> [What to produce]: Copy exactly the lines of the data below, beginning with the line with "Kia K5 2011, 76424 км, за 3105.38 USD" and ending with the line with "Muestakil Havuzlu Ev Case de vacanță". Pictures are to be omitted.

> [Record excerpts]:
= Beginning of Section =
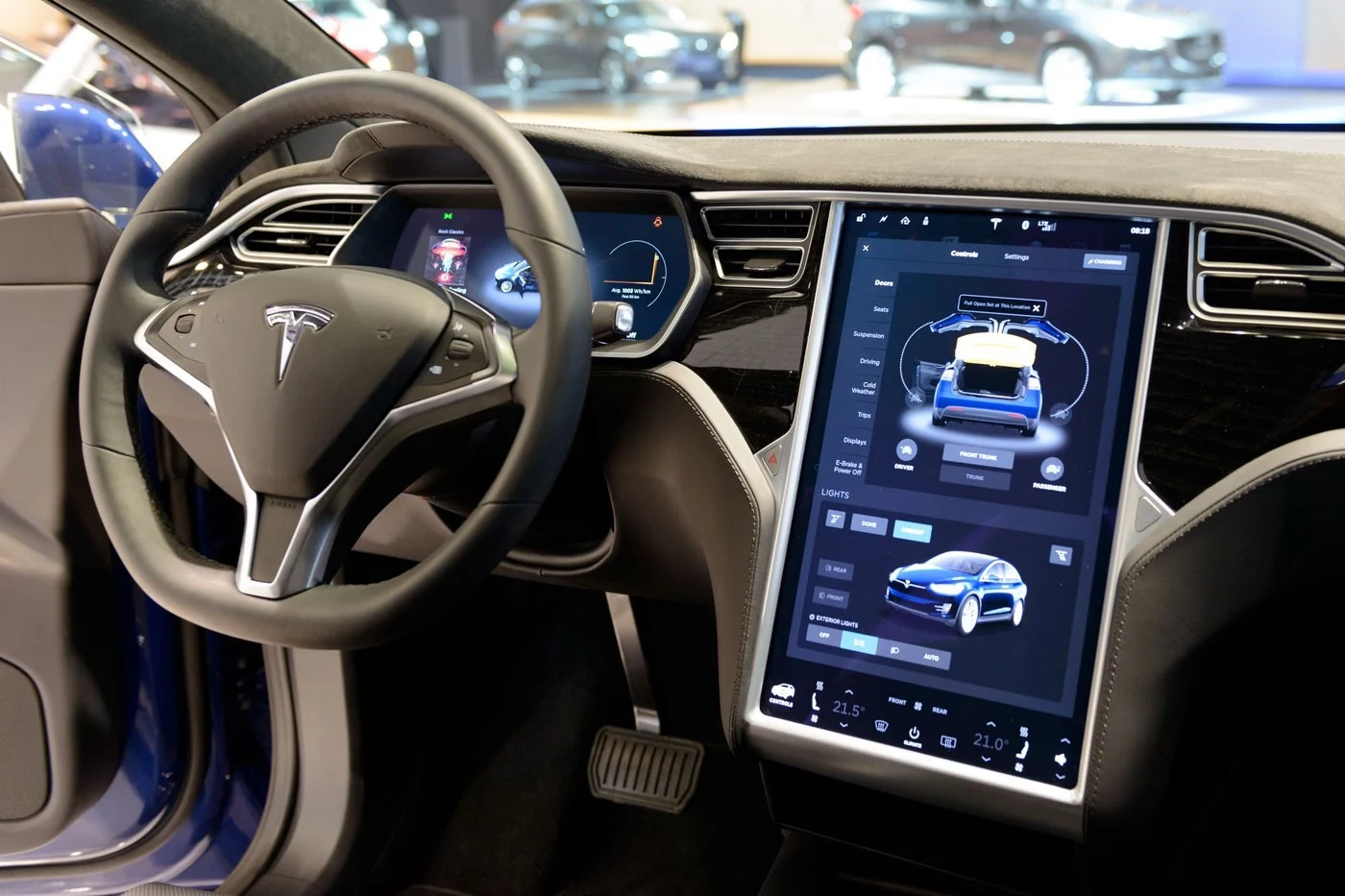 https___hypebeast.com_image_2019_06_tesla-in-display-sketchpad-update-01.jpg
= End of Section =
= Beginning of Section =
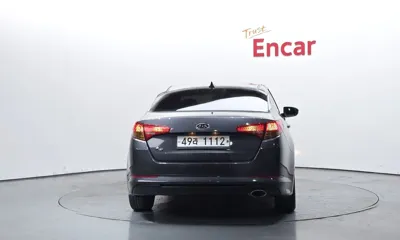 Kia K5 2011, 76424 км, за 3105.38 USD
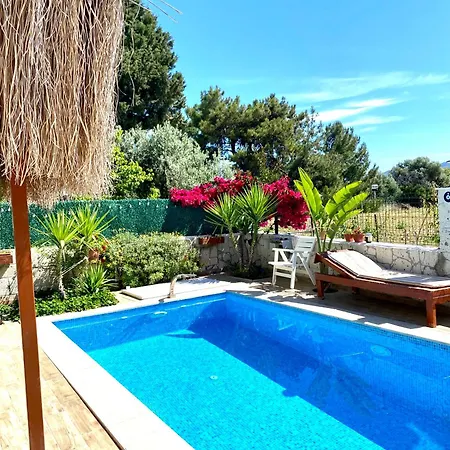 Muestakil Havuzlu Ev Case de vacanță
= End of Section =
> [Answer to this exercise]:
 Kia K5 2011, 76424 км, за 3105.38 USD
 Muestakil Havuzlu Ev Case de vacanță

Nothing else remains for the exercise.